所以，如果关心内存的使用情况，了解netty内存池的分配非常重要，关于这个发现这篇文章写的很好

然后根据自己的业务情况，以及可能的线程数，预估最大的内存耗费. 或者直接压测， 23333

还有，如果业务线程也使用了PooledBytebuf 的话，同理.

于是，知道了这个原因后, 为了验证下，于是在 decoder 里面用 UnpooledHeapBytebuf 做一次内存拷贝，然后试试看是否能修复。

代码如下

switch (messageType) {
  case xx1:
    message = new Message();
    message.setBody(Unpooled.copiedBuffer(in));
    out.add(message);
    break;
  case xx2:
    break;
}

压测后发现，老年代依然会逐步增加，最终导致fullgc

objectDump 后发现大量的Recycler 和 WeakHashMap 对象。
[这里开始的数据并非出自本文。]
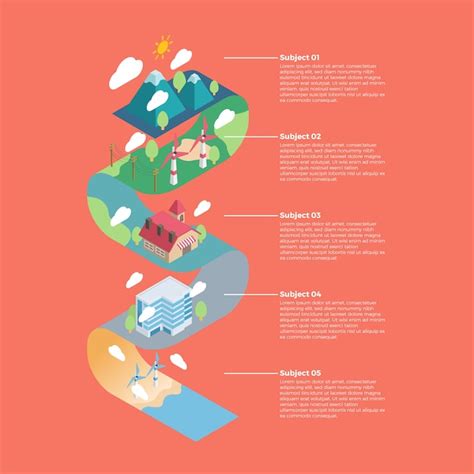 Infographie De L Cologie Design Plat Avec Des Couleurs R Tro Vecteur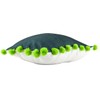 Divine Home Infinity Solids Outdoor Pillow, Green, 12" x 20"
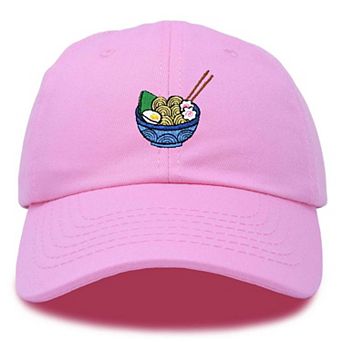 Dalix Noodles Embroidered Casual Cap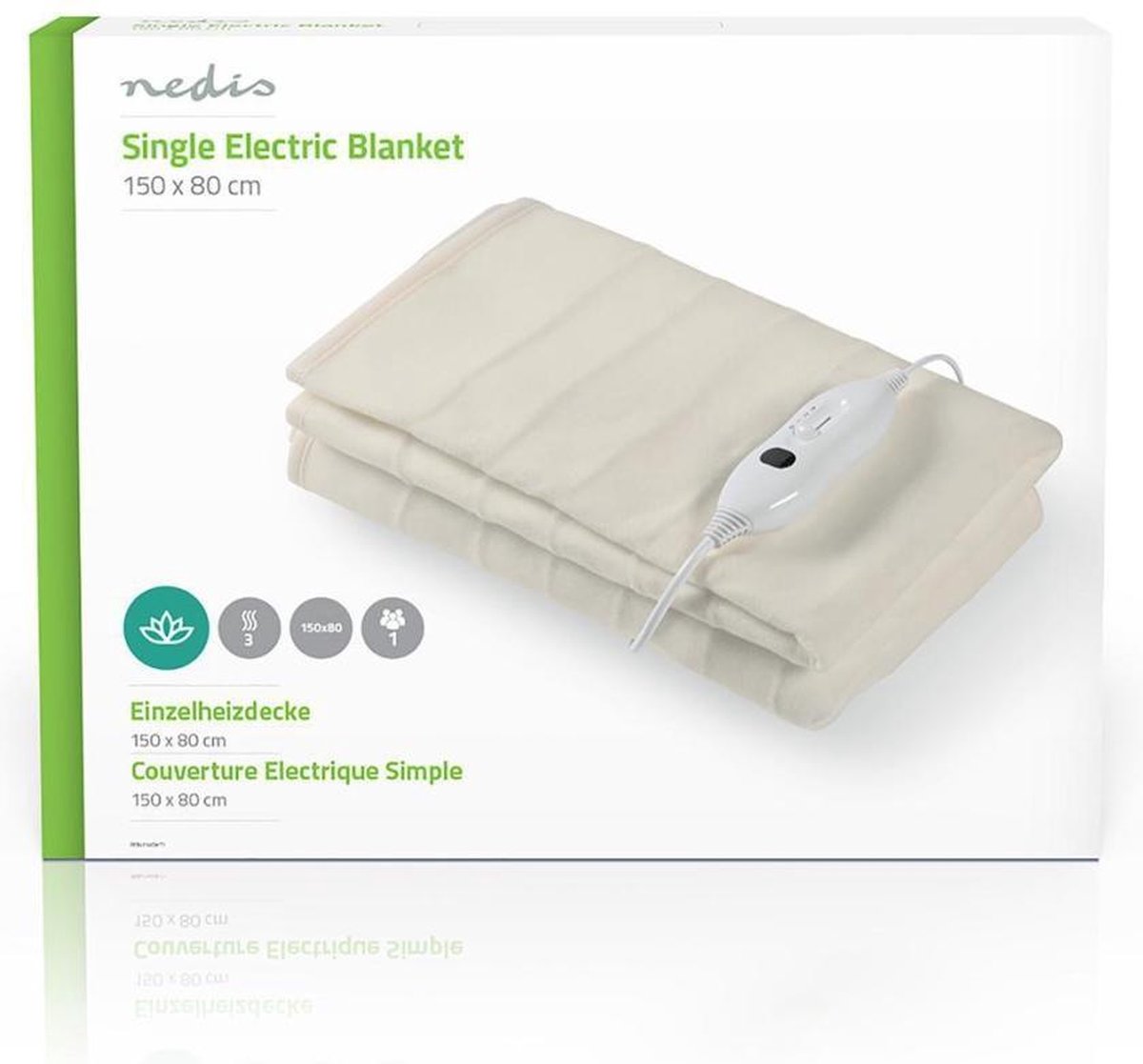 Nedis - Elektrische Deken - Wit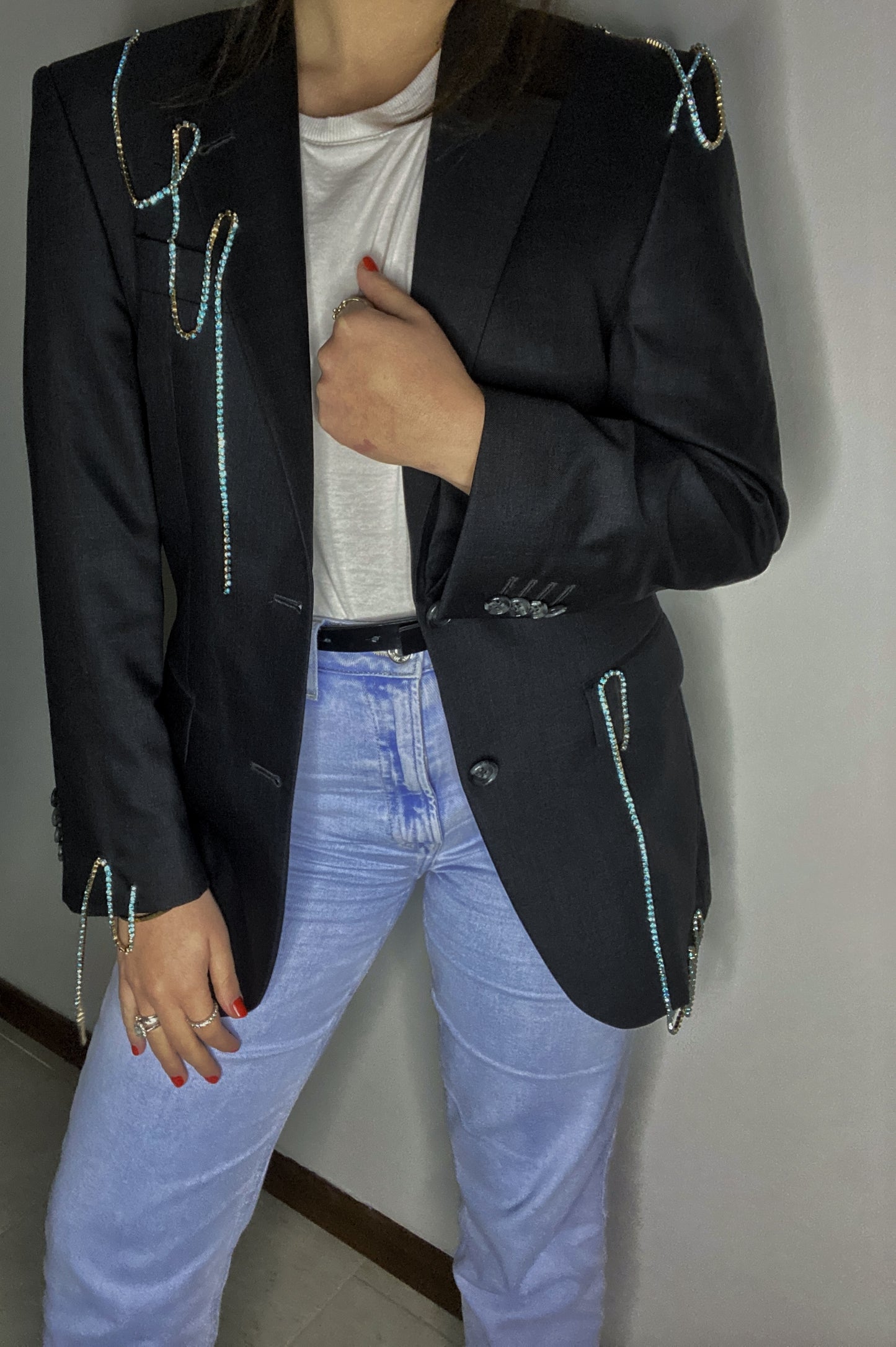 Blazer vintage rielaborato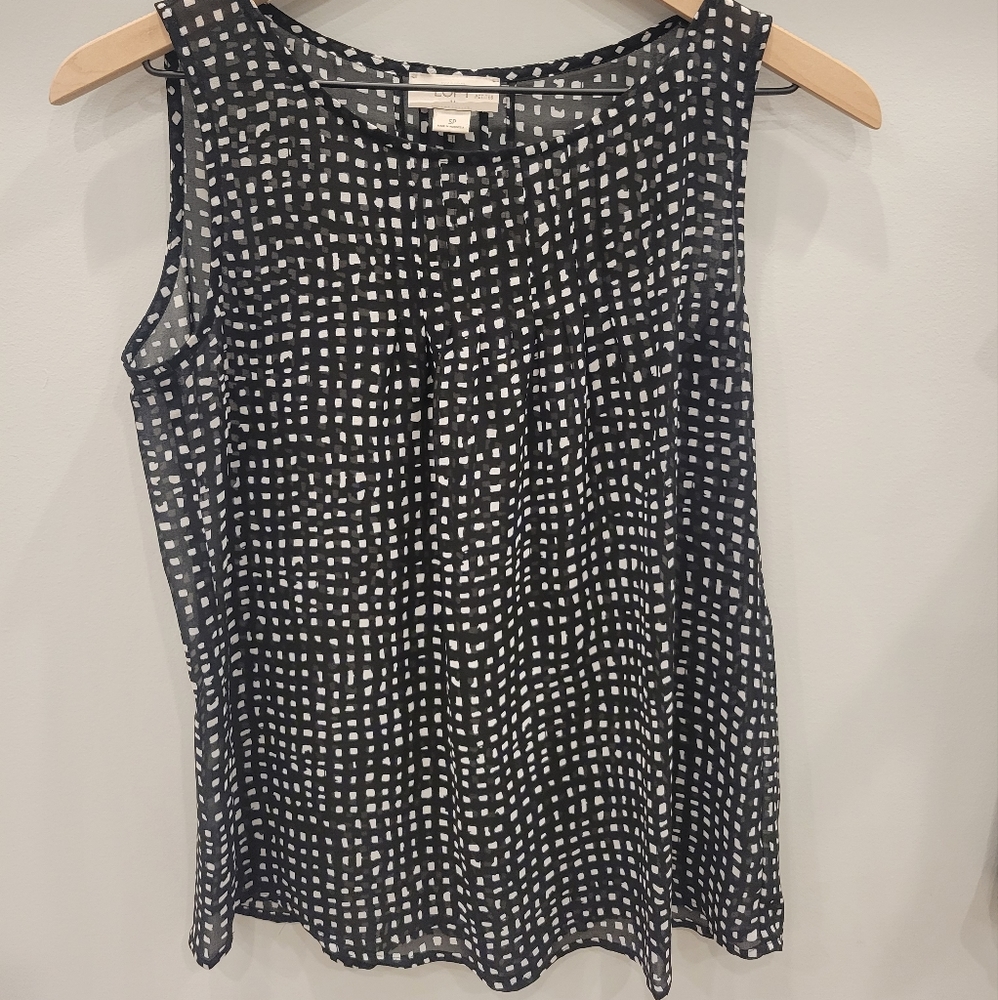 Loft sheer women's tank, petite sizing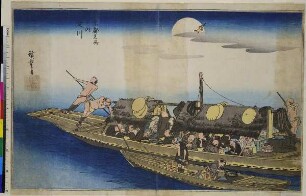 Der Yodo-Fluss, aus der Serie: Berühmte Orte von Kyōto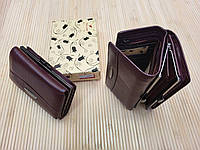 Маленький складной женский кошелек на конопке, кошелек из натуральной кожи TAILIAN 13×8см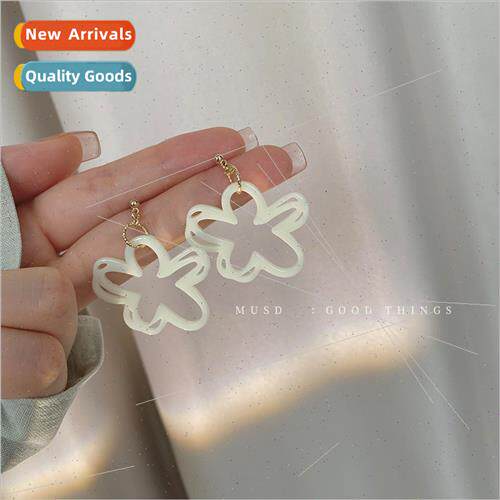 Skeleton petal whe flower earrings fairy French sweet ear cl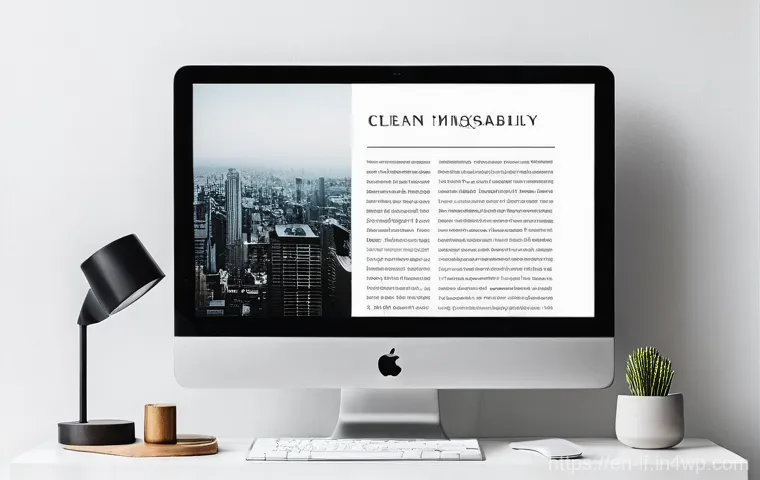 여백의 미와 색상 조화 - **Prompt for White Space and Readability:**
"A clean, minimalist blog layout displayed on a mode...
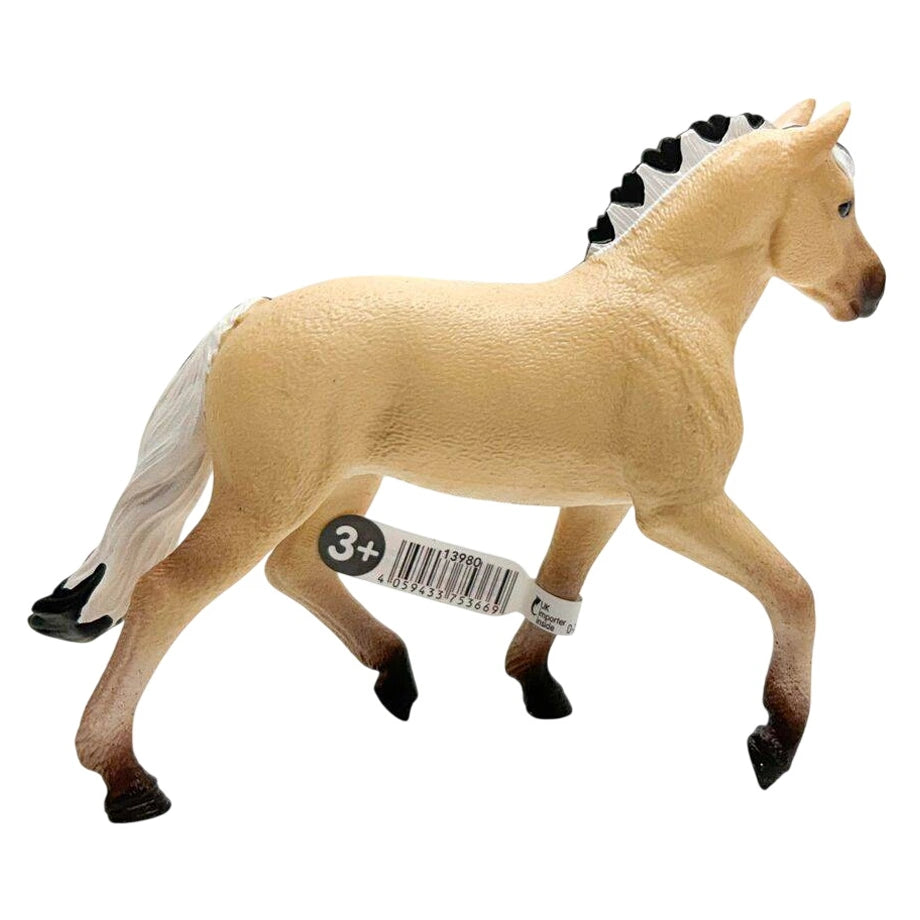 Schleich Horse Club Norwegian Fjord Mare Figure (14 x 4.4 x 10.3 cm, Cream)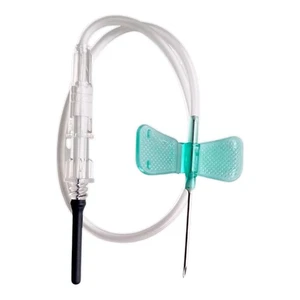 Biomedico Blutentnahme Butterfly 21G 0,8×19mm mit Schlauch – 100 Stk steril CE - Imagen 1 de 2
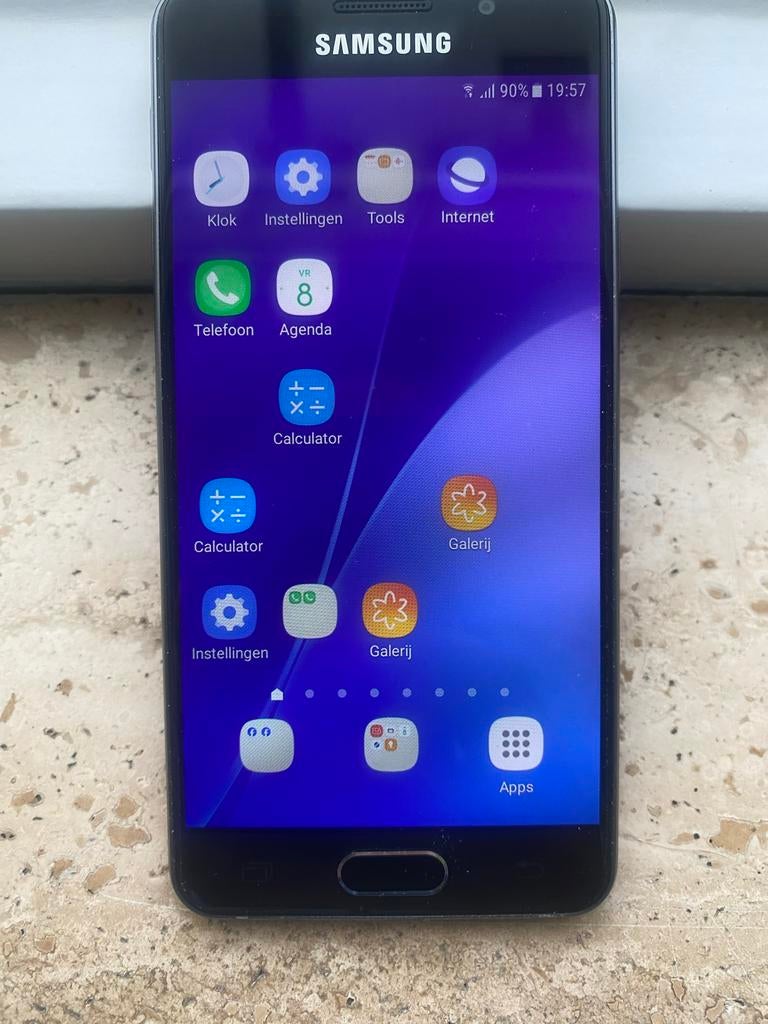 Samsung Galaxy A3 (2016) - Zwart - Goede staat, Telecommunicatie, Mobiele telefoons | Samsung, Zwart, Touchscreen, Ophalen of Verzenden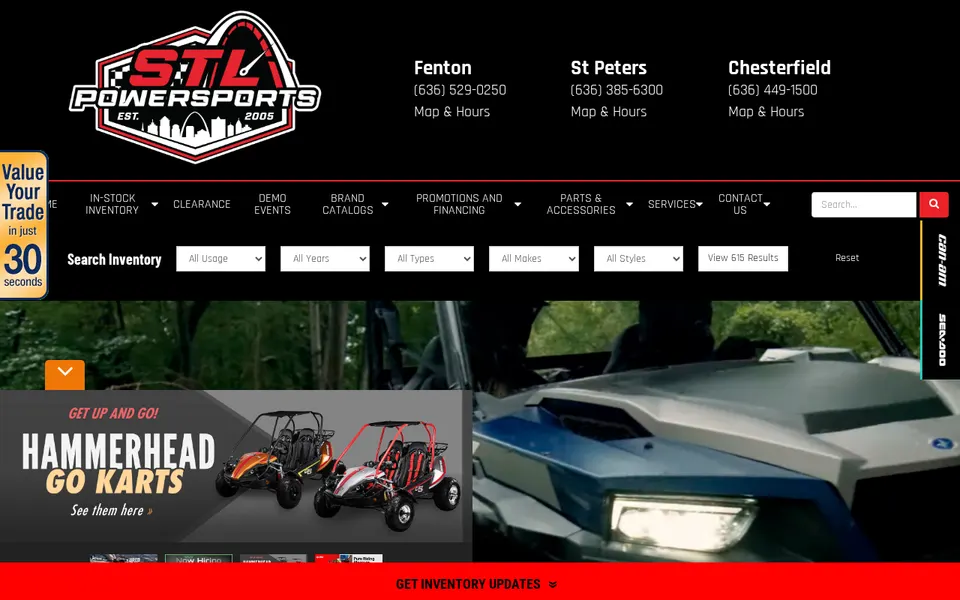 St. Louis Powersports North website
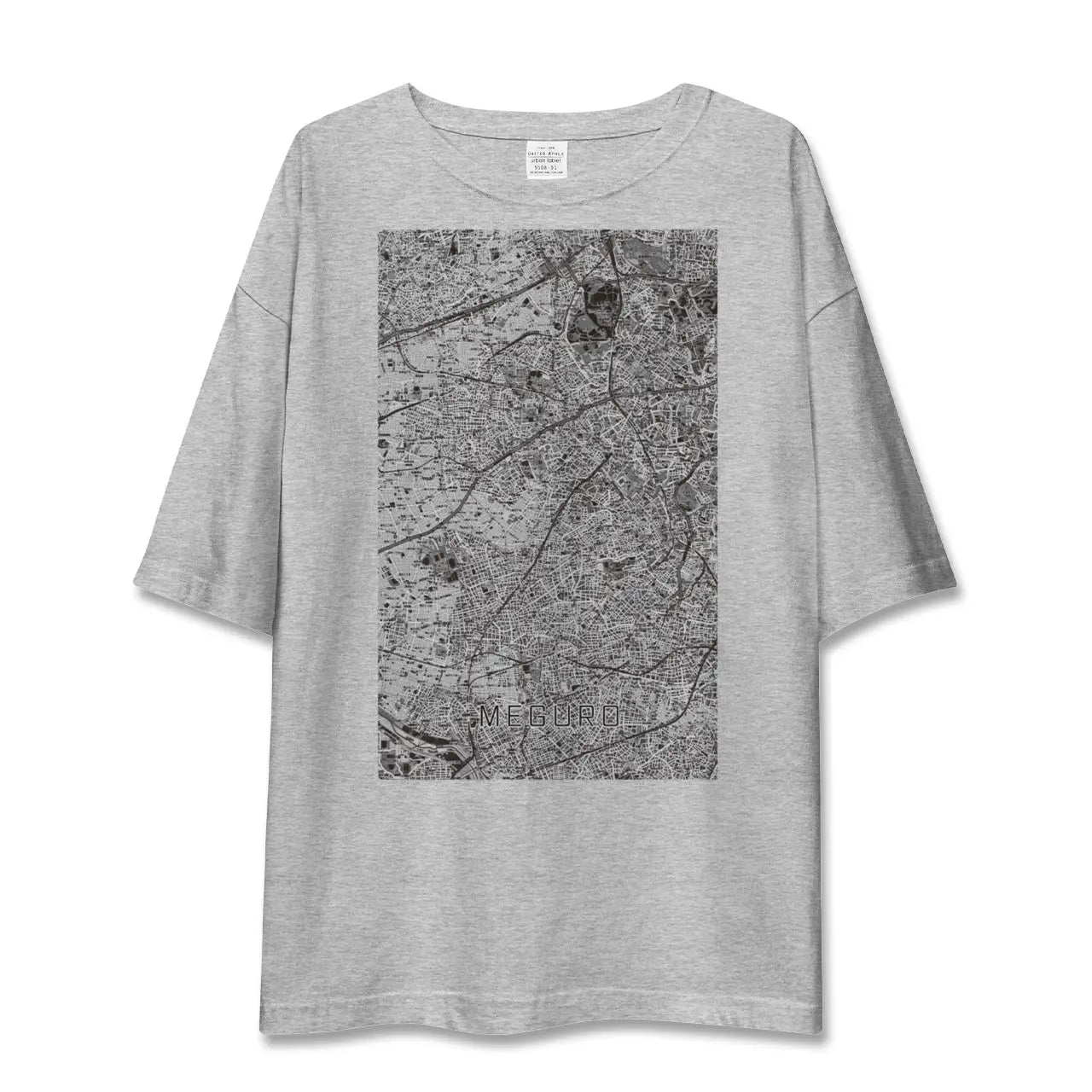 【目黒2(東京都)】地図柄ビッグシルエットTシャツ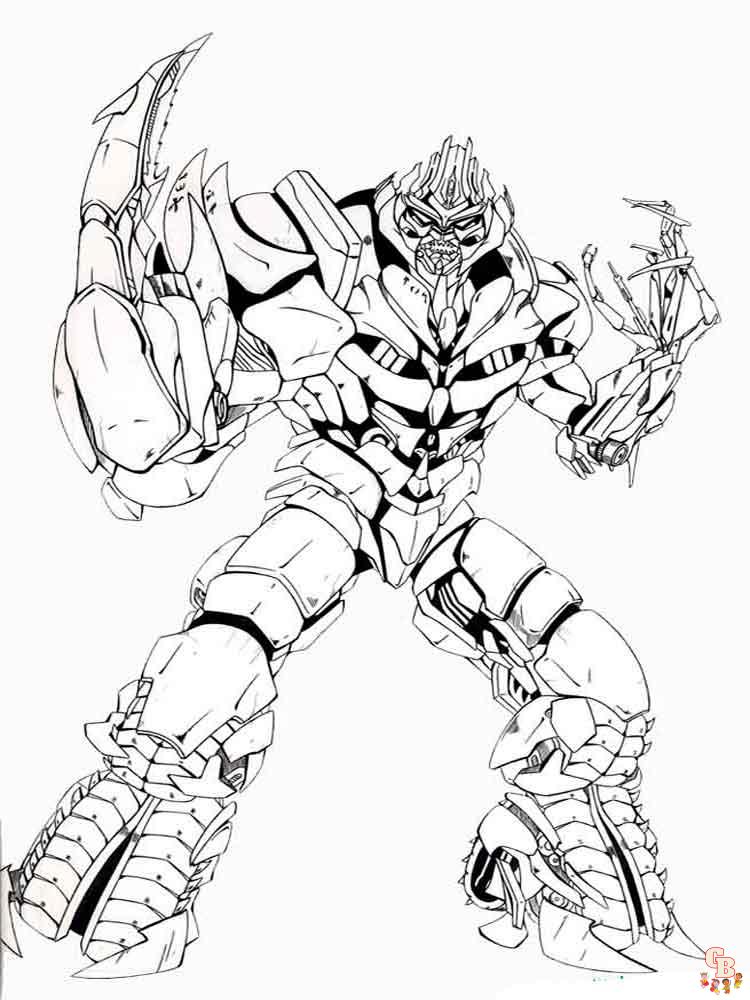 Transformers coloring pages 16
明明Unpooled 申请Bytebuf 的时候并没有和ThreadLocal相关，为何还会有Recycle呢？

后来发现是在 business Thread writeAndFlush 的时候, 会区分线程, 如果是在 IO 线程 writeAndFlush 则会直接调用，不然则是提交一个runnable

private void write(Object msg, boolean flush, ChannelPromise promise) {
    AbstractChannelHandlerContext next = findContextOutbound();
    final Object m = pipeline.touch(msg, next);
    EventExecutor executor = next.executor();
    if (executor.inEventLoop()) {
        if (flush) {
            next.invokeWriteAndFlush(m, promise);
        } else {
            next.invokeWrite(m, promise);
        }
    } else {
        AbstractWriteTask task;
        if (flush) {
            task = WriteAndFlushTask.newInstance(next, m, promise);
        }  else {
            task = WriteTask.newInstance(next, m, promise);
        }
        safeExecute(executor, task, promise, m);
    }
}

提交任务后, 依旧是从 ThreadLocal 中获取 WriteAndFlushTask ，这里的 WriteAndFlushTask 被重用了。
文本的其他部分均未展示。